# Work order:
For the entries that follow, restate word for word the line containing "MILTON Snack Box", the line containing "sweater watchout oxa", and every line that lies between them.

# Listed entries:

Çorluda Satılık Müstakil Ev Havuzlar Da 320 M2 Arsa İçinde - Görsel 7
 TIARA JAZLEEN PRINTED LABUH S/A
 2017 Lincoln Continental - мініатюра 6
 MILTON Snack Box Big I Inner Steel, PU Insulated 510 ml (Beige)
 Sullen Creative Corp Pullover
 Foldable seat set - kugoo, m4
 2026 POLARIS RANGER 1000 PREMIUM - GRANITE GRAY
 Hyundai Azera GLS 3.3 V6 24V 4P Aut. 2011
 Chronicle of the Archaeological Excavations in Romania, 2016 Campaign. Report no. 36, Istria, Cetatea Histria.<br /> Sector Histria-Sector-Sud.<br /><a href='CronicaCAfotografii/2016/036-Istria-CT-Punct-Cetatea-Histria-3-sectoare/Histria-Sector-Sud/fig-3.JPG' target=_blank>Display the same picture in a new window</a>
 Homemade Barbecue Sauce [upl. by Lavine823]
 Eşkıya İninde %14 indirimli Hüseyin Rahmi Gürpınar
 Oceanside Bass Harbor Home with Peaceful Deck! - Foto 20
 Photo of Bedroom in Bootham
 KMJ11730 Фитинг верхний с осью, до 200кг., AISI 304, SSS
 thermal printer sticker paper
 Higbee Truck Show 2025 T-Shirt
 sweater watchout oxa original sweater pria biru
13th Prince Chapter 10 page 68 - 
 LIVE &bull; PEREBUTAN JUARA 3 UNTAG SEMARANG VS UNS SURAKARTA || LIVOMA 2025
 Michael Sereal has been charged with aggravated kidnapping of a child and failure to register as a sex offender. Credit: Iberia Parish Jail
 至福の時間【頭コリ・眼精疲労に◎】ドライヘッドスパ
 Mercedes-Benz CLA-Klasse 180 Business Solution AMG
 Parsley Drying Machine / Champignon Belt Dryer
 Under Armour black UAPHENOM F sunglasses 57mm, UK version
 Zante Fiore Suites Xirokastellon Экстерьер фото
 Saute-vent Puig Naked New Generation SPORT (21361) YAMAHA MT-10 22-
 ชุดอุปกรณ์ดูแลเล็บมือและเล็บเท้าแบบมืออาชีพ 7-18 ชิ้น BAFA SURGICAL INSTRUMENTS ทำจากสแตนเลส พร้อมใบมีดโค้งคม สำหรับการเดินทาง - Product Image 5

# Final answer:
 MILTON Snack Box Big I Inner Steel, PU Insulated 510 ml (Beige)
 Sullen Creative Corp Pullover
 Foldable seat set - kugoo, m4
 2026 POLARIS RANGER 1000 PREMIUM - GRANITE GRAY
 Hyundai Azera GLS 3.3 V6 24V 4P Aut. 2011
 Chronicle of the Archaeological Excavations in Romania, 2016 Campaign. Report no. 36, Istria, Cetatea Histria.<br /> Sector Histria-Sector-Sud.<br /><a href='CronicaCAfotografii/2016/036-Istria-CT-Punct-Cetatea-Histria-3-sectoare/Histria-Sector-Sud/fig-3.JPG' target=_blank>Display the same picture in a new window</a>
 Homemade Barbecue Sauce [upl. by Lavine823]
 Eşkıya İninde %14 indirimli Hüseyin Rahmi Gürpınar
 Oceanside Bass Harbor Home with Peaceful Deck! - Foto 20
 Photo of Bedroom in Bootham
 KMJ11730 Фитинг верхний с осью, до 200кг., AISI 304, SSS
 thermal printer sticker paper
 Higbee Truck Show 2025 T-Shirt
 sweater watchout oxa original sweater pria biru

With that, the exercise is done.